Azure dependencies setup for language and audio processing

> wget -O - https://www.openssl.org/source/openssl-1.1.1u.tar.gz | tar zxf -
> cd openssl-1.1.1u
> ./config --prefix=/usr/local
> make -j $(nproc)
> sudo make install_sw install_ssldirs
> sudo ldconfig -v
> export SSL_CERT_DIR=/etc/ssl/certs   
> export LD_LIBRARY_PATH=/usr/local/lib:$LD_LIBRARY_PATH
> sudo apt-get install build-essential libssl-dev ca-certificates libasound2 wget

For ngrok hosting

> curl -s https://ngrok-agent.s3.amazonaws.com/ngrok.asc | \
  sudo tee /etc/apt/trusted.gpg.d/ngrok.asc >/dev/null && \
  echo "deb https://ngrok-agent.s3.amazonaws.com buster main" | \
  sudo tee /etc/apt/sources.list.d/ngrok.list && \
  sudo apt update && sudo apt install ngrok

Create a ngrok account online at https://ngrok.com/, and then add authication token using cmd line.

> ngrok config add-authtoken <insert token here>
> ngrok http 5000

Start the bot

Fill keys.env file with the required keys and credentials (of Azure Open AI, Azure AI Translator, Azure Storage, WhatsApp, etc.).

> source keys.env
> flask run

If flask run is giving error, instead use python3 app.py.

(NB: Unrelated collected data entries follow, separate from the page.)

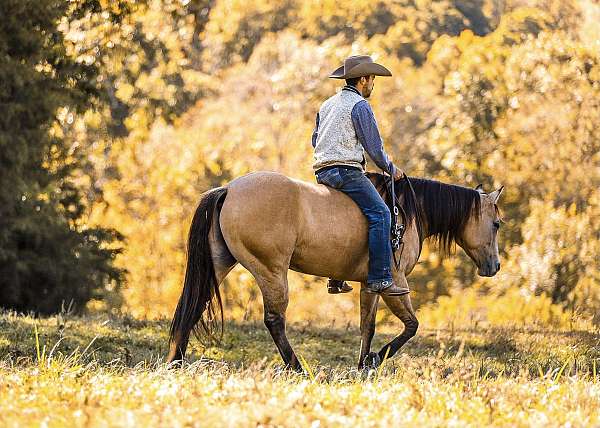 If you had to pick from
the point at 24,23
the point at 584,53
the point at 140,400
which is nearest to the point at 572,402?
the point at 140,400

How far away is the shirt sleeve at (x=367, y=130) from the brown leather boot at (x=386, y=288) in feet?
3.26

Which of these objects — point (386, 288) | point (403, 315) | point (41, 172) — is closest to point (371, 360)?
point (403, 315)

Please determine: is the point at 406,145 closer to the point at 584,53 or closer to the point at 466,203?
the point at 584,53

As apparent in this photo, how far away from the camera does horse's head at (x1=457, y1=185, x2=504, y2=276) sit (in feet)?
32.9

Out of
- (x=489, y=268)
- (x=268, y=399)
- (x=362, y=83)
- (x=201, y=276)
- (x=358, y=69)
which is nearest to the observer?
(x=268, y=399)

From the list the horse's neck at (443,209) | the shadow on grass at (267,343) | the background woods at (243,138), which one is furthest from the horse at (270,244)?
the background woods at (243,138)

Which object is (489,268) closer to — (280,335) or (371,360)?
(371,360)

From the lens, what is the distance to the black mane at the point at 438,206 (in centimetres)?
935

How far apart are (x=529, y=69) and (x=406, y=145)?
30.9 ft

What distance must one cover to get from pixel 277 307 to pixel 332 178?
117 centimetres

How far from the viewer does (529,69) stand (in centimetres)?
3073

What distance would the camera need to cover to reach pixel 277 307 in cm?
843

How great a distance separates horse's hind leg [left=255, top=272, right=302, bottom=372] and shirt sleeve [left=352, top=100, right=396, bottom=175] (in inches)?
49.0

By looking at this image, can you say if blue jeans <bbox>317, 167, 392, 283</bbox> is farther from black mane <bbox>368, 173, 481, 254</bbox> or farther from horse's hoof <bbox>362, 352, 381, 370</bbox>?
horse's hoof <bbox>362, 352, 381, 370</bbox> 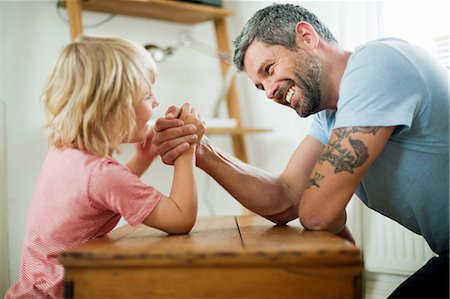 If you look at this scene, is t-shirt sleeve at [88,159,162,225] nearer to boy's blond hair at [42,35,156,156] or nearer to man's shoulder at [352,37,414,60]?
boy's blond hair at [42,35,156,156]

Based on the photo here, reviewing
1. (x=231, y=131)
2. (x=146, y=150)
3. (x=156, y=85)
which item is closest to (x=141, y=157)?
(x=146, y=150)

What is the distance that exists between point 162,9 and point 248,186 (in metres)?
1.15

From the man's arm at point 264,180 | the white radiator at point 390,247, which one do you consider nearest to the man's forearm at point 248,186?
the man's arm at point 264,180

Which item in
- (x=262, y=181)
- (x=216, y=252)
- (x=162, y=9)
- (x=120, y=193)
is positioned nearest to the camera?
(x=216, y=252)

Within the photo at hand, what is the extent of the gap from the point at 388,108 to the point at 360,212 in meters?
1.04

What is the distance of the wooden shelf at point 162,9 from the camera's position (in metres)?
2.05

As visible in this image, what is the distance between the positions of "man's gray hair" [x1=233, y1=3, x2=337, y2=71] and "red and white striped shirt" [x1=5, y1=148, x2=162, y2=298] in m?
0.50

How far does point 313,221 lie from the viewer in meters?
1.03

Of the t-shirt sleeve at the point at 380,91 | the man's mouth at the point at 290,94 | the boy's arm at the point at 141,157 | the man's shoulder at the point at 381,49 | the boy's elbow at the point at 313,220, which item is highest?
the man's shoulder at the point at 381,49

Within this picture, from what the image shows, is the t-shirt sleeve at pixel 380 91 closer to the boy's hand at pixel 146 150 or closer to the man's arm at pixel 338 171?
the man's arm at pixel 338 171

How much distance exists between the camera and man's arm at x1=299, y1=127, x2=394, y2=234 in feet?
3.27

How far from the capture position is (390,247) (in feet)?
6.20

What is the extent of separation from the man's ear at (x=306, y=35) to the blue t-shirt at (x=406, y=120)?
0.54 feet

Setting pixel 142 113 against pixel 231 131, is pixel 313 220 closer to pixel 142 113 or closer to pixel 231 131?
pixel 142 113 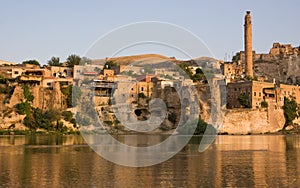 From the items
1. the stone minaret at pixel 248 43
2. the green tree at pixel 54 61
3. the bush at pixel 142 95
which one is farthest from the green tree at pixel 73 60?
the stone minaret at pixel 248 43

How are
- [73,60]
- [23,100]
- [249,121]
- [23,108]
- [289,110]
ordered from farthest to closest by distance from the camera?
[73,60] < [289,110] < [249,121] < [23,100] < [23,108]

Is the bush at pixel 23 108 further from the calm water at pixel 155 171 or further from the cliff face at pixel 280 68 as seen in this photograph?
the cliff face at pixel 280 68

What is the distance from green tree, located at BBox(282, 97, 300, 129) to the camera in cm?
5153

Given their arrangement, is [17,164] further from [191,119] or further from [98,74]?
[98,74]

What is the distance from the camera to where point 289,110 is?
170 feet

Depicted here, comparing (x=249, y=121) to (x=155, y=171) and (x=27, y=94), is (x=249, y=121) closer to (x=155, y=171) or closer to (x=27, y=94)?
(x=27, y=94)

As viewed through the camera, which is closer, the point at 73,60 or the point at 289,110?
the point at 289,110

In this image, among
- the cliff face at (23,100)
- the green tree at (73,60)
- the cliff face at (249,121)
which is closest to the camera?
the cliff face at (23,100)

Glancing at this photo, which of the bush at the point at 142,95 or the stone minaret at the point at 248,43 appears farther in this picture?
the stone minaret at the point at 248,43

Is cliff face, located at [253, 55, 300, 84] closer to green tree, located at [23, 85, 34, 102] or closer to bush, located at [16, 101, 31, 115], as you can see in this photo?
green tree, located at [23, 85, 34, 102]

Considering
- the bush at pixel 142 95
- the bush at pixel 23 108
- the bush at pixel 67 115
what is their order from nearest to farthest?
1. the bush at pixel 23 108
2. the bush at pixel 67 115
3. the bush at pixel 142 95

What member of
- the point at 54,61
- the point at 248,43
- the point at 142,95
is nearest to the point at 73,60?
the point at 54,61

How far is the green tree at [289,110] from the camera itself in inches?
2029

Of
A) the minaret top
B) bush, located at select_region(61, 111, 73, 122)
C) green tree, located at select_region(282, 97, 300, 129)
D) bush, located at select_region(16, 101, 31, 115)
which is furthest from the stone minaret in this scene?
bush, located at select_region(16, 101, 31, 115) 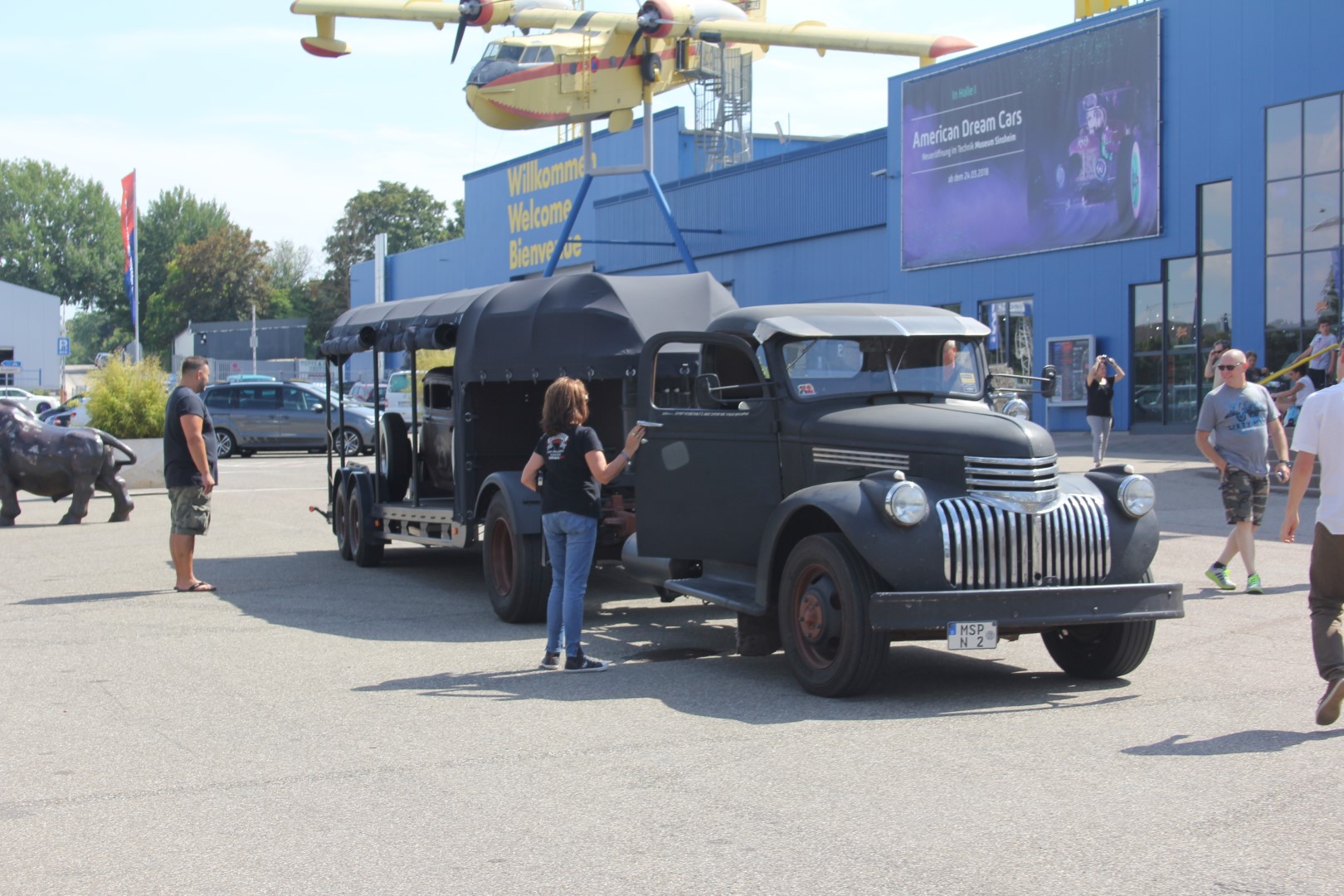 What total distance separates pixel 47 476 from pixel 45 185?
394 feet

Explanation of Python scripts

Structure

  • app.py: It has the base code to run flask. All requests are directed from here.
  • start.sh: Start up script for Azure related services. Installs required linux libraries and syncs knowledge base with past updates.
  • src/response: It contains the Responder class that handles the response of an incoming message. The class should be derived from BaseResponder class.
  • src/messenger: It contains the Messenger class that has the functionality to send different types of messages (message, poll, audio, etc). Similar to Responder, WhatsappMessenger class is derived from BaseMessenger.

Key source

  • src/conversation_database.py: All pymongo databases are loaded here and important functions are defined. This includes long term database to store user records, conversation database to store conversation records and logging database that stores various calls logged by the bot.
  • src/knowledge_base.py: LLM based functions are defined here (answer query, generate correction, follow up questions, update response).
  • src/azure_language_tools.py: Translation, TTS and Speech to Text.
  • src/onboard.py: Onboarding webhook is directed here.
  • src/utils: miscellenous utils.

CronJob

  • cron_jobs/escalate.py: Escalation of unasnwered queries to the respective senior experts take place here.
  • cron_jobs/send_email.py: Email is sent with the sheet to the expert for KB updation. They can respond with Yes/No against every correction.
  • cron_jobs/kb_update.py: Updation of Knowledge Base takes place here, the script pulls data from google sheet for the same.
  • cron_jobs/user_reminder.py: A reminder message is sent to the users with this script.
  • cron_jobs/expert_reminder.py: Used to send reminders to the expert (i.e doctors, staff) to continue interacting with the bot.
  • cron_jobs/account_expiration.py: This script automatically expires accounts based on selected field (e.g surgery date for a patient).
  • To execute cronjobs, we use a time trigger Azure function that sends an API request to the bot endpoint. For that, add the cron expressions in cron.txt. In the scheduler folder, the code for Azure function is also provided.

Pre-processing

  • processing/create_llm_prompts.py: Creates prompts using config.yaml for specific use cases.
  • processing/create_embeddings.py: Creates ChromaDB from raw documents using OpenAI Embedding Function.
  • processing/sync_kb.py: Synchronizes the knowledge base with all the past KB updates.
  • processing/translate_introductions.py: Translate onboarding/introduction messages.
  • processing/translate_suggestion_questions.py: Translate onboarding questions.
  • processing/translate_language_prompt.py: Translate the chose language question during onboarding.
  • processing/generate_audio_onboarding.py: Onboarding Audio messages are saved.

Assumptions

  • Every response to the user query needs to be verified (and if needed, edited) by the expert.
  • The output response depends on the GPT model used (specify appropriate key details in keys.env), and the USER_PROMPT specified in config.yaml.

Contributing

This project welcomes contributions and suggestions. Most contributions require you to agree to a Contributor License Agreement (CLA) declaring that you have the right to, and actually do, grant us the rights to use your contribution. For details, visit https://cla.opensource.microsoft.com.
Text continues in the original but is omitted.